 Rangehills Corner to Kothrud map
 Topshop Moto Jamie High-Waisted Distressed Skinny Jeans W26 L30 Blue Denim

--

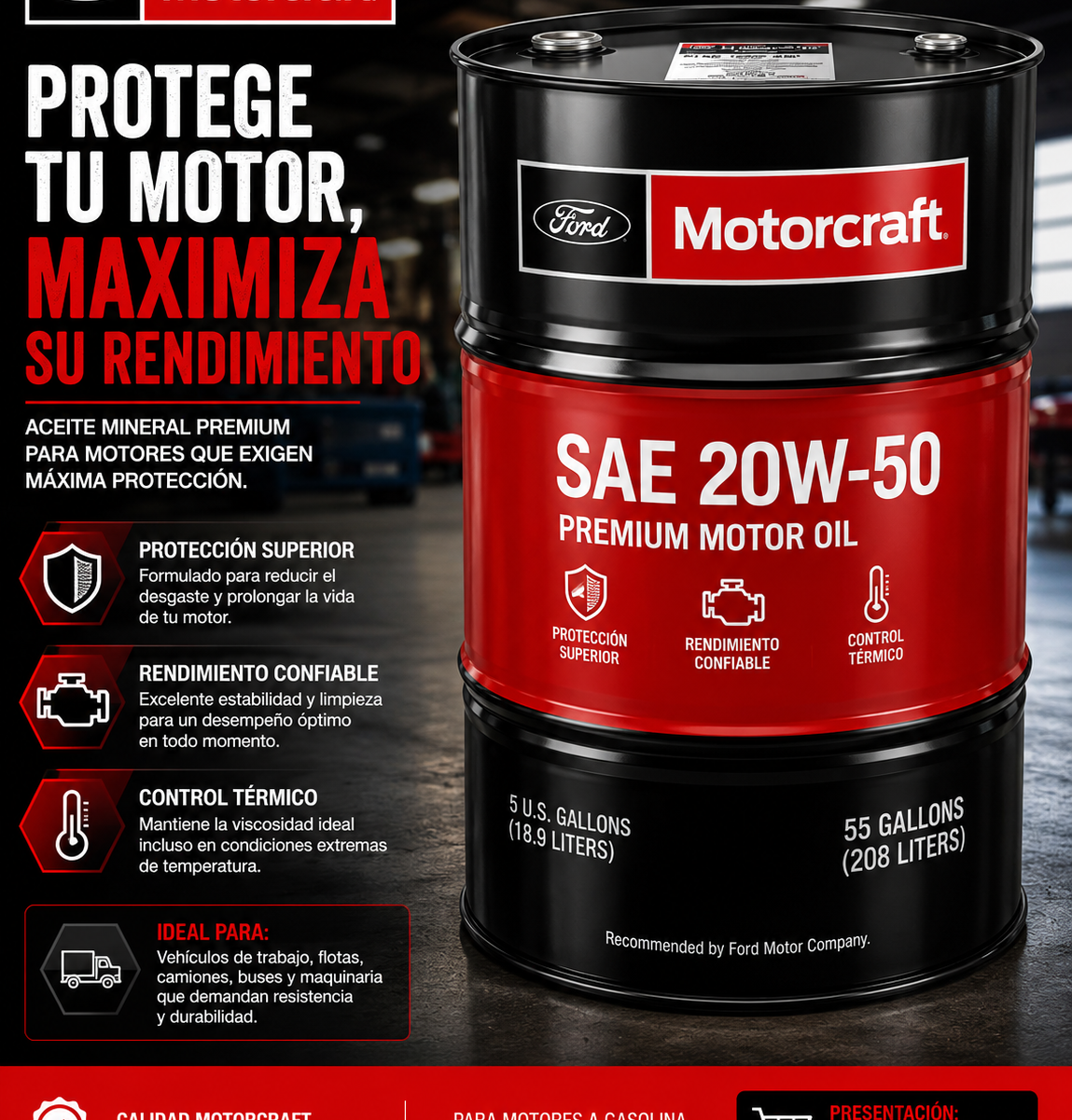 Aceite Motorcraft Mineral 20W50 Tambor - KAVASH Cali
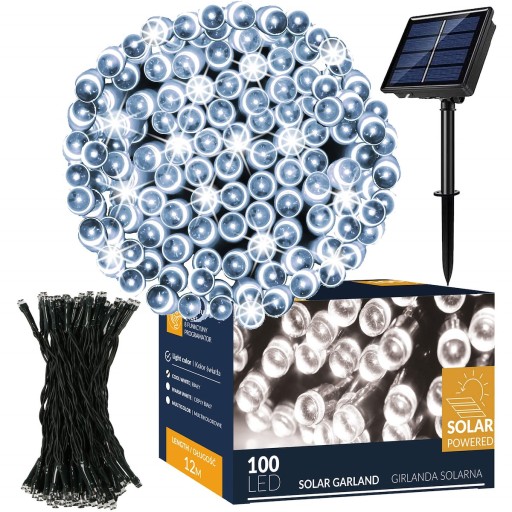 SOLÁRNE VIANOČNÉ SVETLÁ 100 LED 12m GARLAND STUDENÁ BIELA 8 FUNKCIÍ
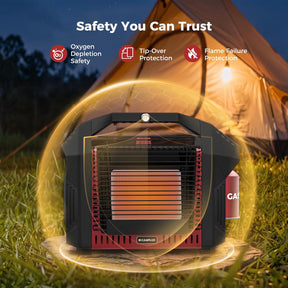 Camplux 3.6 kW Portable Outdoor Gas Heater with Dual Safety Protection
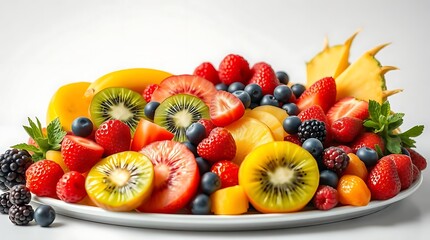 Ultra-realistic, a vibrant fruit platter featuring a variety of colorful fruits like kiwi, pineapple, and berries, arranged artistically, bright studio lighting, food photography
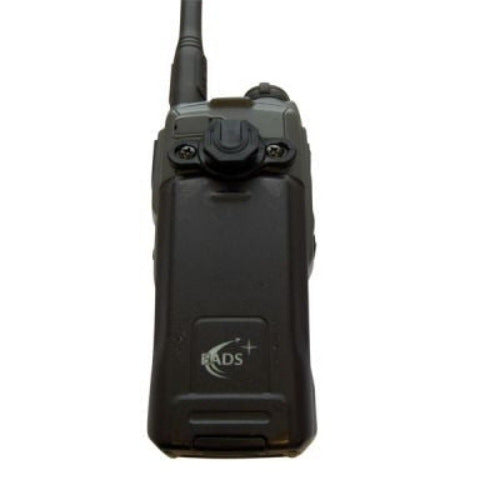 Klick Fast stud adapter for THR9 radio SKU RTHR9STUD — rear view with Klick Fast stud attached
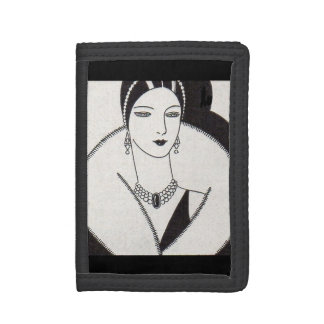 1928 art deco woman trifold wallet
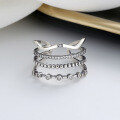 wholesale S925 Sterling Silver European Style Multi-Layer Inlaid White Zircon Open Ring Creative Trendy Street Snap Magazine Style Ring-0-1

WHAT NEEDS TO BE DONE: Could you return exactly the stretch of the data above that starts at the line with "Rangehills Corner to Kothrud map" and ends at the line with "Topshop Moto Jamie", both lines included?

EXERCISE RESPONSE:
 Rangehills Corner to Kothrud map
 Topshop Moto Jamie High-Waisted Distressed Skinny Jeans W26 L30 Blue Denim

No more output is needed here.